Mini-chromosome stability assays with pARS1wt and pRS305 were performed as in [23], [24]. Suppression of plasmid loss in W303, mcm5-461, orc2-1 and orc5-1 cells was performed by double transformation with pARS1wt and pGBKT7 or pGBKT7-GCN5, respectively. Cells were selected on SC-trp-ura plates. Three individual colonies were inoculated in SC-trp to allow for retention of the pGBKT7 episomes and for loss of pARS1wt and grown for 20 generations. Each culture was serially diluted 1/10, and 5 ul of each dilution were spotted on both SC-trp-ura and on SC-trp plates. Assays with pARS1/-B23/GAL4 were performed by co-transforming in DF5gal4Δ cells with pARS1/-B23/GAL4 together with pGAL4DBD-GCN5, pGAL4DBD-GCN5(KQL), pGAL4DBD-SAS2, pGAL4DBD-SAS3, pGAL4DBD-ESA1 and pGAL4DBD-HAT1, respectively. Cells were selected on SC-his-ura plates, grown for 20 generations in SC-his and then plated on SC-his and SC-his-ura. In all cases plasmid loss was calculated as in [23].

Chromatin Immuno-Precipitation (ChIP)

We used a protocol, which favors weaker protein interactions with chromatin. It includes a second cross-linking agent with a longer arm in the cross-linking step [25]. Briefly, GCN5-MYC or ADA3-MYC cells at OD600 = 1.0 in YPD were cross-linked with 1.6% formaldehyde for 30 minutes at 25°C and then suspended in 10 ml PBS/10 mM DMA(Pierce)/0.2%DMSO for another 30 minutes at 25°C. The cross-linking was quenched with 2.5 ml of 2.5 M glycine, cells were collected and crushed by glass beads in LB/IP buffer (50 mM Tris.HCl, 140 mM NaCl2, 5 mM EDTA, 1x PI cocktail (Sigma)) and sonicated by 12 bursts of 30 seconds at maximum output of Micronix cuphorn to produce fragments of about 500 bp. Chromatin was extracted in LP/IP plus 0.3% TX100 and 0.05% Na deoxycholate and immuno-precipitated overnight with anti-MYC beads (Sigma).
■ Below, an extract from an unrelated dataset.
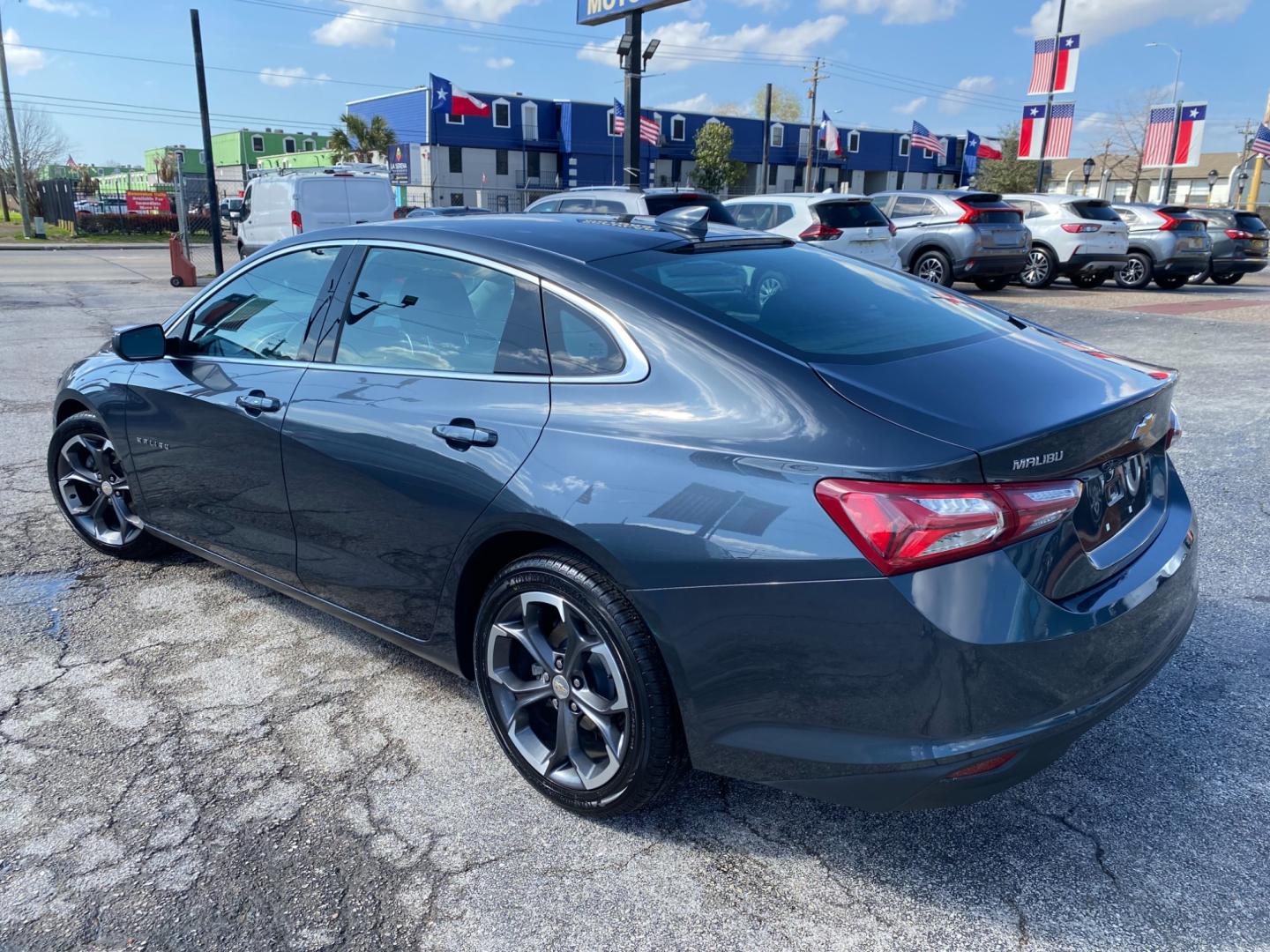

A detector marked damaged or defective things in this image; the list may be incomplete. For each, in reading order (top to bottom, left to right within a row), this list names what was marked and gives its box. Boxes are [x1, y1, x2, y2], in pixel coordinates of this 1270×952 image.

cracked pavement [2, 254, 1270, 952]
The beads were washed three times with 1 ml LB/IP/0.5% TX100, 0.05% Na deoxycholate, one time with 1 ml LB/IP plus 350 mM NaCl, one time with 150 ul TE plus 10 mM NaCl (Final Wash) and eluted/uncrosslinked overnight in 150 ul TE/0.2% SDS at 65°C. After treatment with Proteinase K, DNA was extracted by Phenol/Chloroform and precipitated. The fragments of interest were quantified by PCR (after confirming linear range of amplification with crude genomic DNA) and ImageQuant software. Primer sequences are provided (Suppl. Table S1).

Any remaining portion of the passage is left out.